[Data section — start]

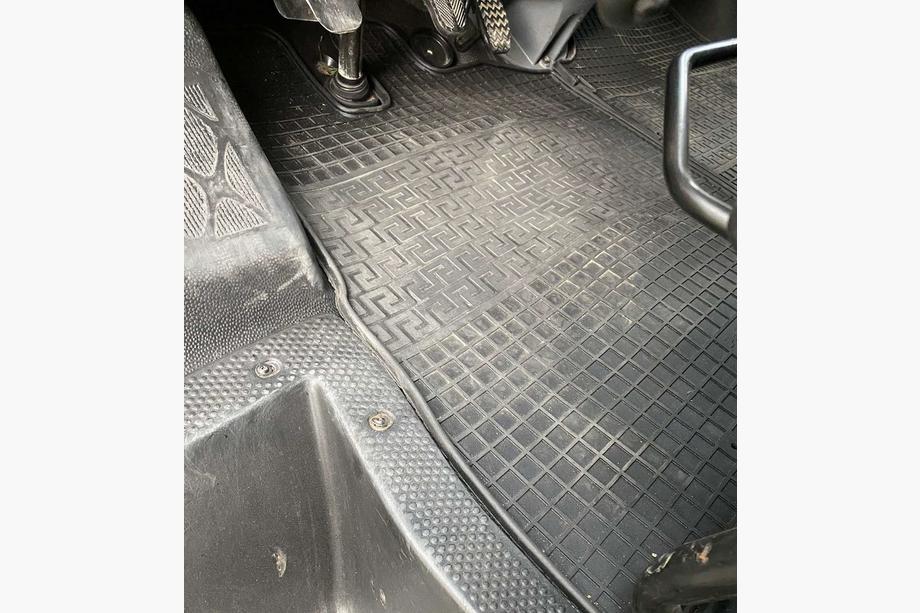 Peugeot Boxer 1994-2006 Alfombrillas de goma (2 uds, Polytep) Foto 3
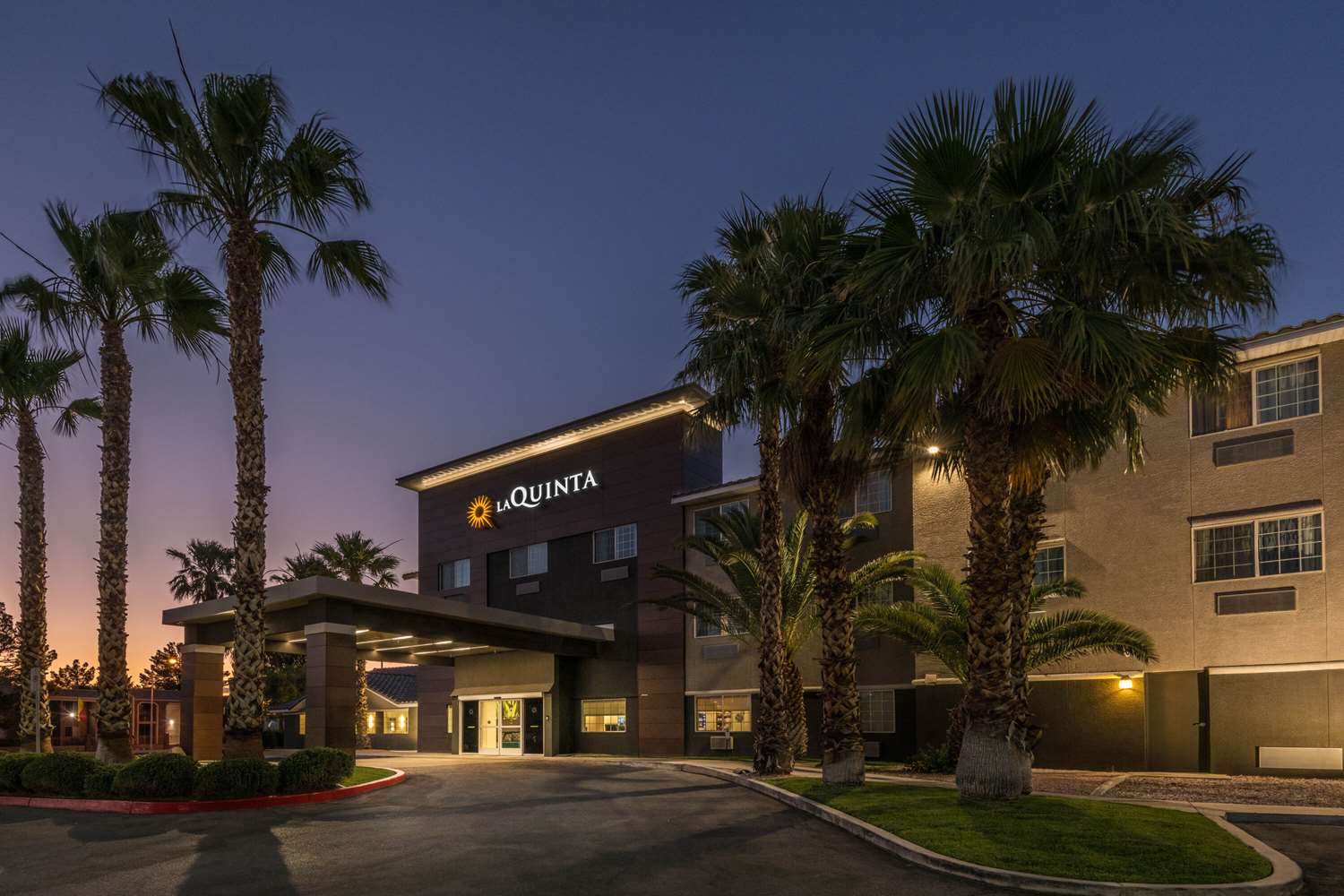 La Quinta Inn and Suites by Wyndham Las Vegas Nellis 11/11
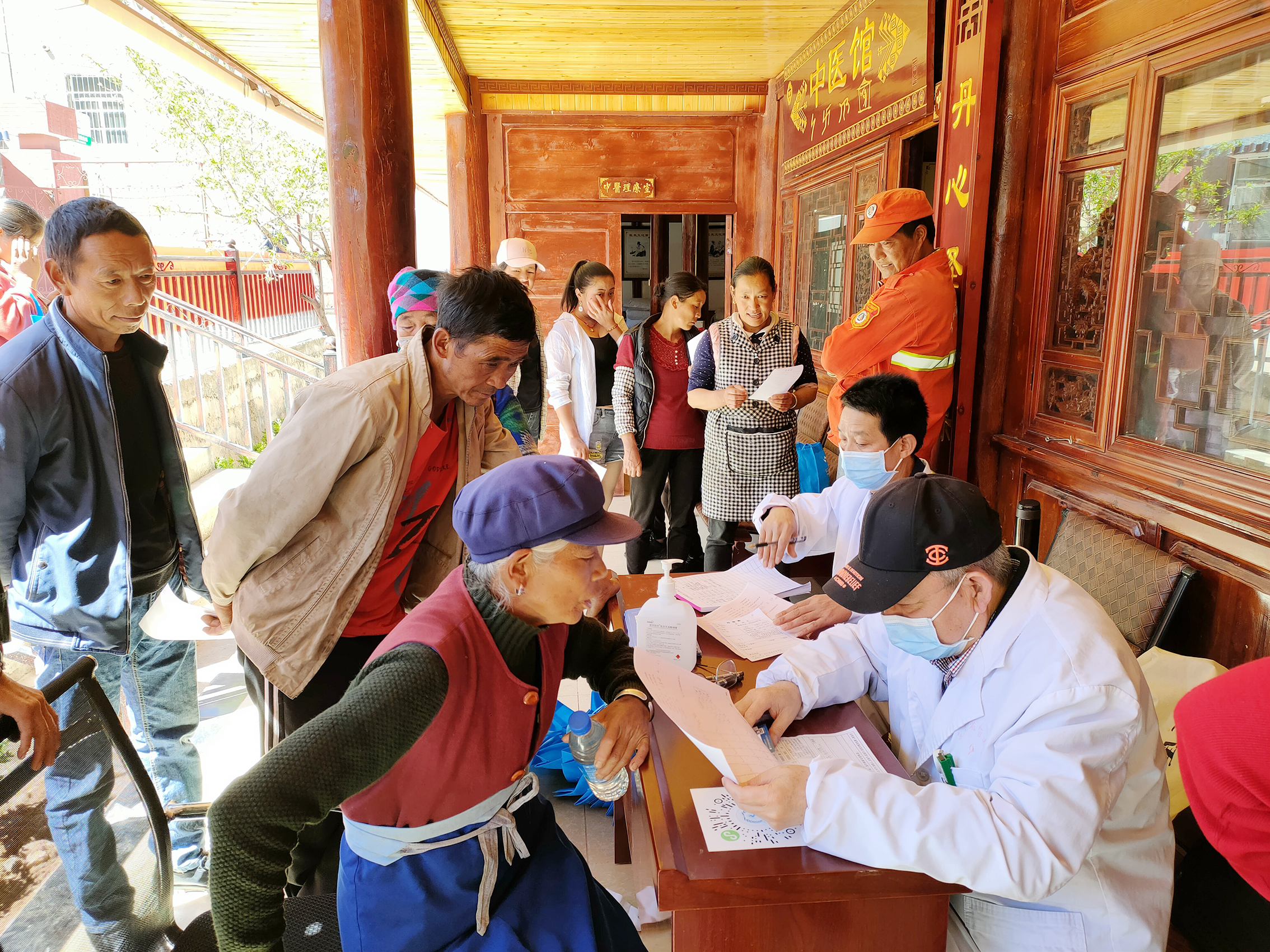 全国肿瘤防治宣传周义诊活动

[Data section — finish]

Starting with the line that contains "La Quinta Inn", repeat each line exactly until the listing ends, including the last one. Leave pictures out.

 La Quinta Inn and Suites by Wyndham Las Vegas Nellis 11/11
 全国肿瘤防治宣传周义诊活动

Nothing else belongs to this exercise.